• What needs to be done:
Please take the records that follow and repeat exactly the lines starting with the line with "A pool surrounded" and going on through the line with "4923 Lofty Pines".

• Data for this exercise:
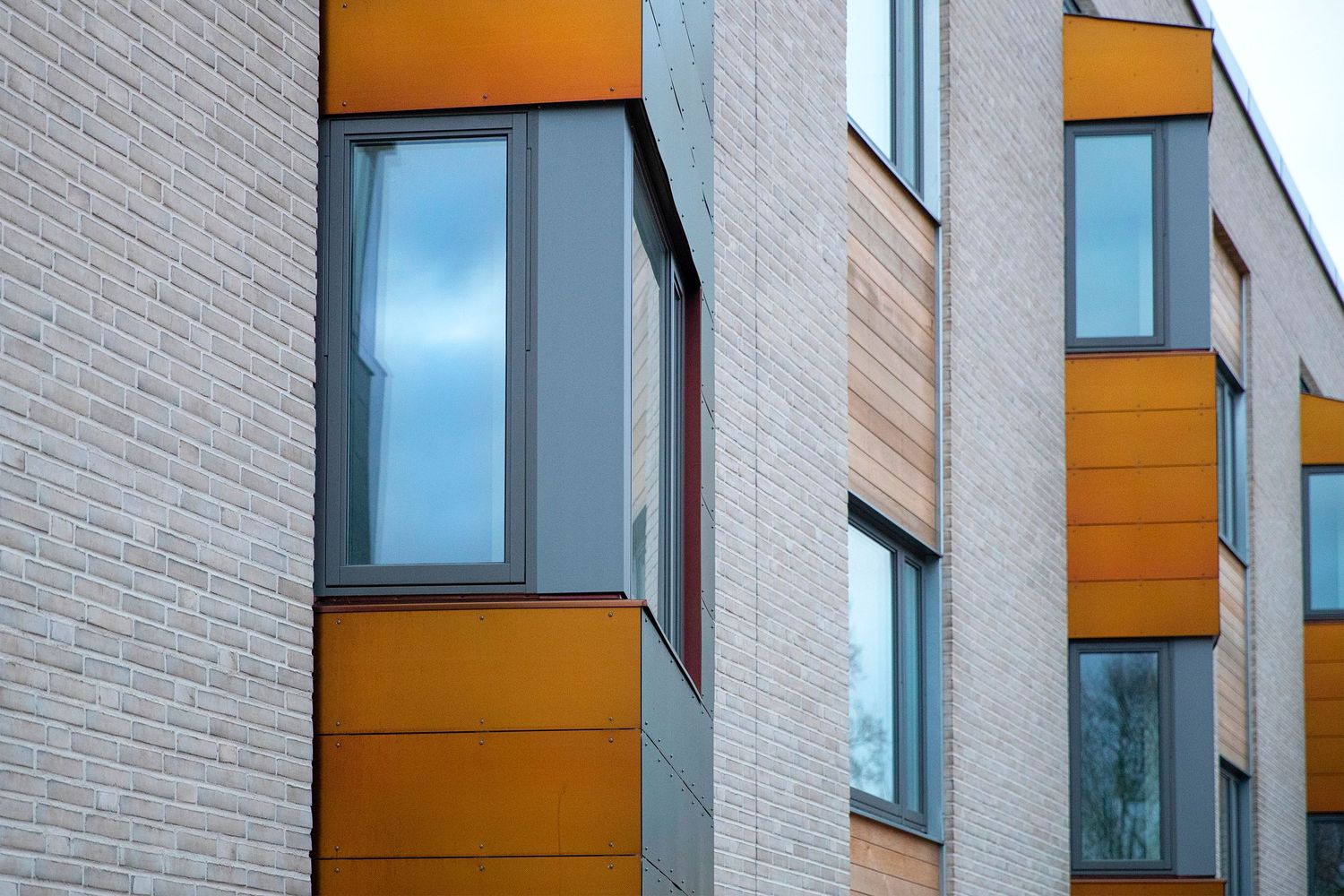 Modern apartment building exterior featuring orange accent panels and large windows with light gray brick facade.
* * *
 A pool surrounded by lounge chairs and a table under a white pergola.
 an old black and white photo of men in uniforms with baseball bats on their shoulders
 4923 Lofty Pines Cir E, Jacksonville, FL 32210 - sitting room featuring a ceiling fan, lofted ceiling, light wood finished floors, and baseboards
...
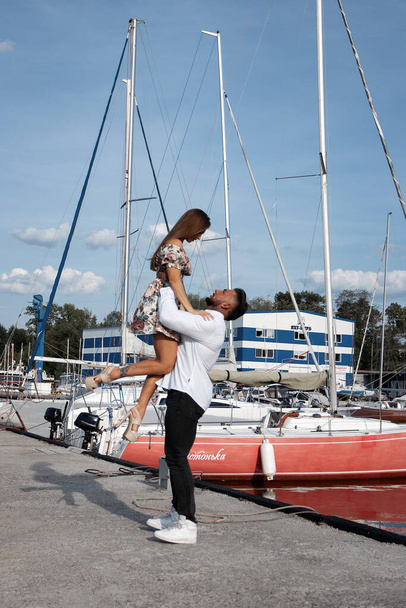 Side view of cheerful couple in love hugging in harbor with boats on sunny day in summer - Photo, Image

• Task response:
 A pool surrounded by lounge chairs and a table under a white pergola.
 an old black and white photo of men in uniforms with baseball bats on their shoulders
 4923 Lofty Pines Cir E, Jacksonville, FL 32210 - sitting room featuring a ceiling fan, lofted ceiling, light wood finished floors, and baseboards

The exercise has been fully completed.